"He's already a big star but this projects him into a completely different stratosphere. It makes Anthony Joshua, if he wins this fight, one of the biggest stars in British sport, not just British boxing."
That's the view of The Telegraph's boxing correspondent Gareth A Davies ahead of the heavyweight bout at Wembley between Anthony Joshua and Wladimir Klitschko.
Speaking to Off The Ball ahead of the Saturday night fight that could prove era defining in the heavyweight ranks, Davies predicted how the pattern of the bout will play out.

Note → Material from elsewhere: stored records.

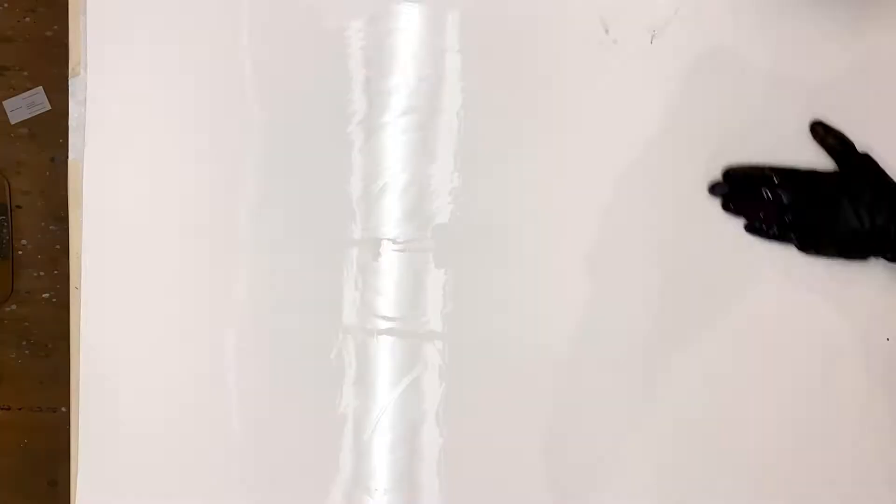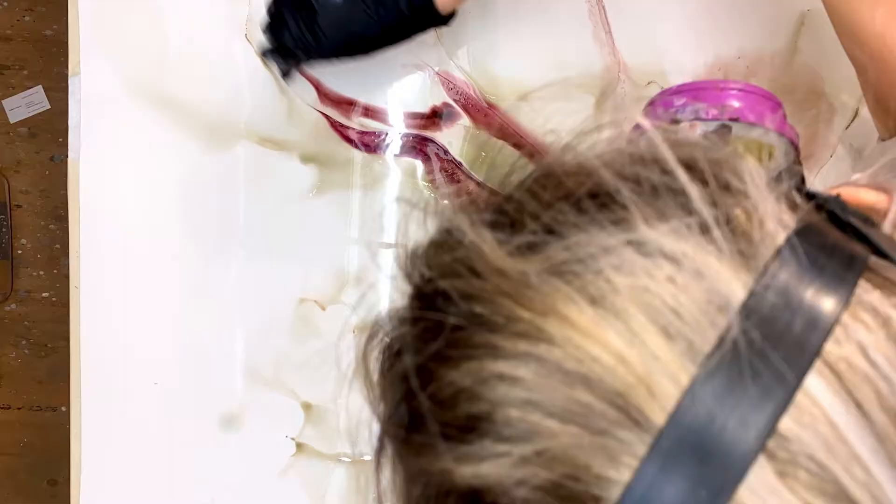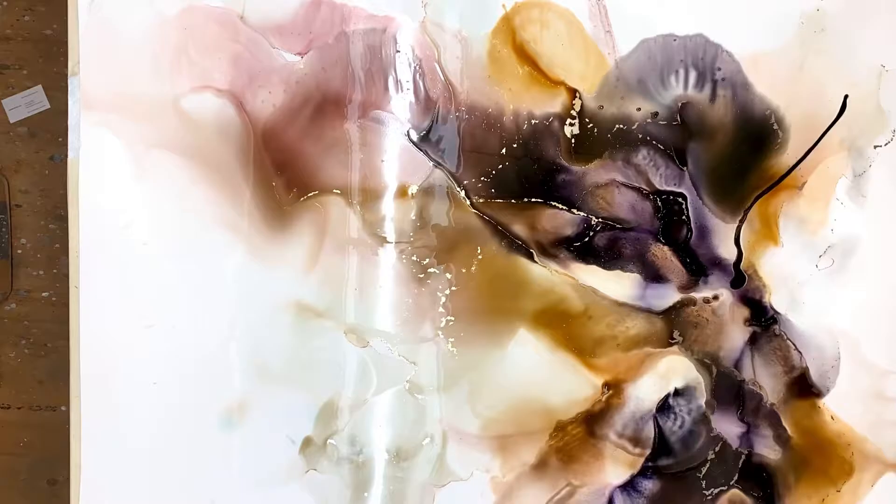This is a time-lapse of my alcohol ink and mixed-media painting called Collapse and Form. It's 24 by 30 inches and it's done in my Celestine style.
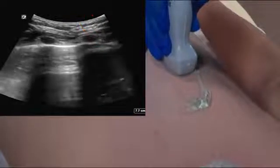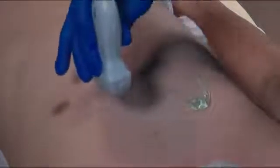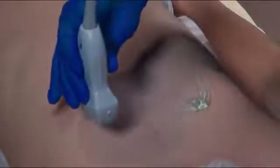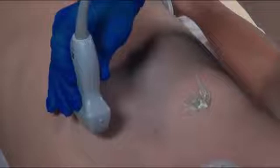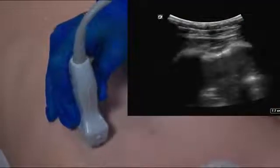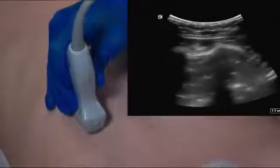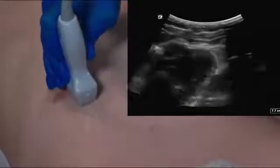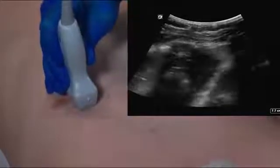After we've done this on the right side, we're going to repeat the procedure on the left. Again, in the mid-clavicular line just above the nipple, we're going to place the transducer down and drag it several centimeters until we're just below the nipple.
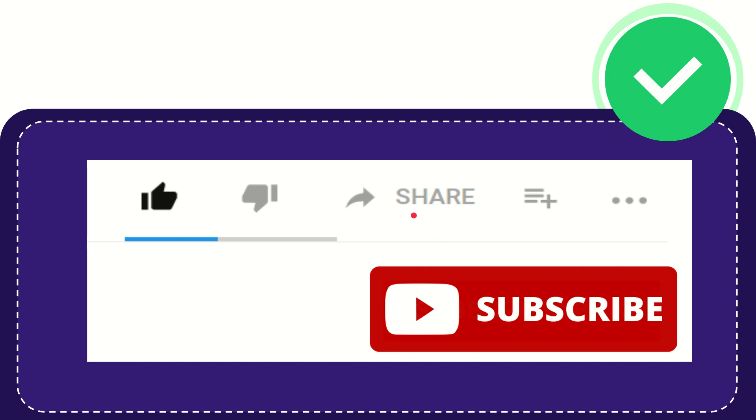You can share it to any social media that you wish that is currently available at this time like Facebook, Twitter, LinkedIn and many others.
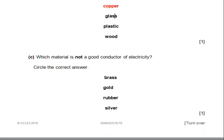Question C says: which material is not a good conductor of electricity? Circle the correct answer. Which one does not transfer electricity? The choices are brass, gold, rubber, silver. We know that brass, gold, and silver transport electricity. The only one that does not conduct electricity is rubber. So circle rubber.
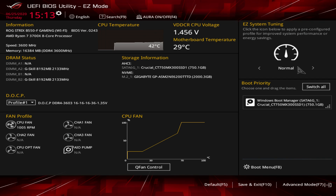Going back to Easy Mode — it gives you everything you need for initial setup: set your boot priority, set your XMP profile, and you're good to go. It also displays your storage drives so if something isn't booting you can see what the board is detecting. If you have any questions about this BIOS, leave them in the comments below, and hit the thumbs up if you enjoyed the video.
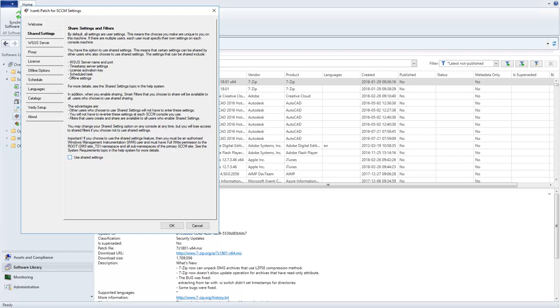If you have multiple users, you might consider using the Shared Settings option. The primary advantage of this option is that certain settings can be shared by other users who also choose to use Shared Settings, and those settings will be shared regardless of where you are when you access the console.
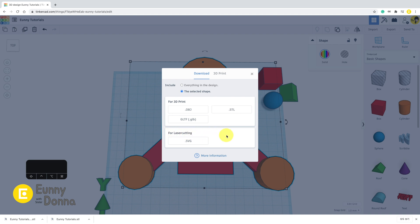SVG file is for laser cutting. That means this is not 3D but two-dimensional. You need to export file as STL if you want to 3D print.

"Klitschko knows what he is going to be dealing with with Anthony Joshua. A big powerful man who's going to step in and throw one-twos linearly and try and trap him on the ropes and release combinations," he said.

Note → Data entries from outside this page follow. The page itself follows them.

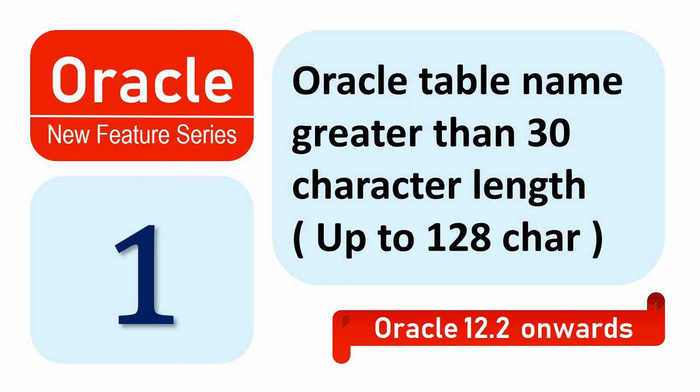Welcome to Oracle new feature video series. In this series of videos, I am going to talk about the new features released as part of Oracle. In the first video, I am going to talk about a new feature that is released in 12.2 which allows developers to create database objects more than 30 characters.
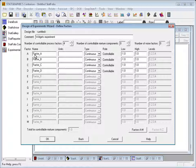We can also add, if we like, noise factors. Noise factors would be factors that we could normally not control during production, but could control during the experiment. And factors which we'd like to find a set of conditions of the process variables such that the impact of the noise factors was as small as possible. They're fundamental to what's called a robust parameter design, and I'll be talking about that in a different video.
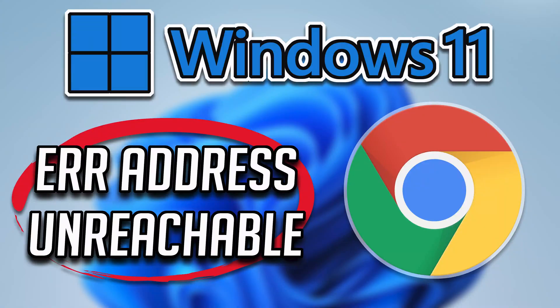In this tutorial you will learn how to fix Google Chrome Error - address unreachable in Windows 11 and Windows 10.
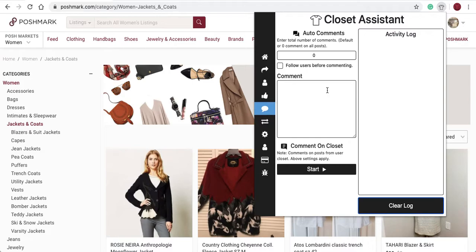Currently, the comment feature works on closet pages only. Simply navigate to a closet page and enter a message in there.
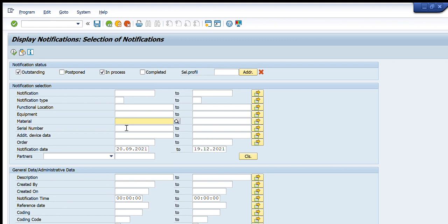If I have a list of functional locations or equipment, I put them in the table using the multiple selection tab. Going down, there is Serial Number — same usage as equipment. Then Order: if I have maintenance order numbers for which I want notifications, I put those order numbers here. Finally, Notification Date: if I want notifications in a particular period, I enter a single date or a date range and it will give me all notifications created in that duration.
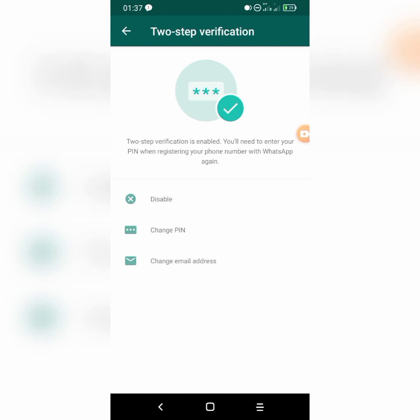There are three options on this page: 'Disable' means you can turn off two-step verification if you no longer need it; you can also 'Change PIN' to set a new PIN; and you can 'Change email address' to update your recovery email. Thanks for watching this video — hope you enjoyed it. Do subscribe to my YouTube channel, like, and leave your comments in the comment section below.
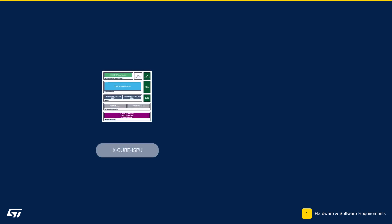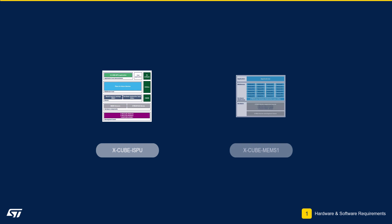The XCube ISPU package contains drivers and sample application code to help us build ISPU projects. The XCube MEMS1 package contains drivers and sample application code for the XNucleo IKS4A1 onboard sensors.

"Klitschko will try and establish his jab early and then he's going to try and tie Joshua up into the middle rounds and try and take it away from him. They might exchange now and again but he's going to try and nullify the big man's work if you like and that's what makes it fascinating.
"Has the old man got the legs in him at 41? I don't think he has. Is the ego and the obsession that he talks about really vanity because he wants redemption from a terrible night's work against Tyson Fury 18 months ago when he couldn't let his hands go. There are so many imponderables.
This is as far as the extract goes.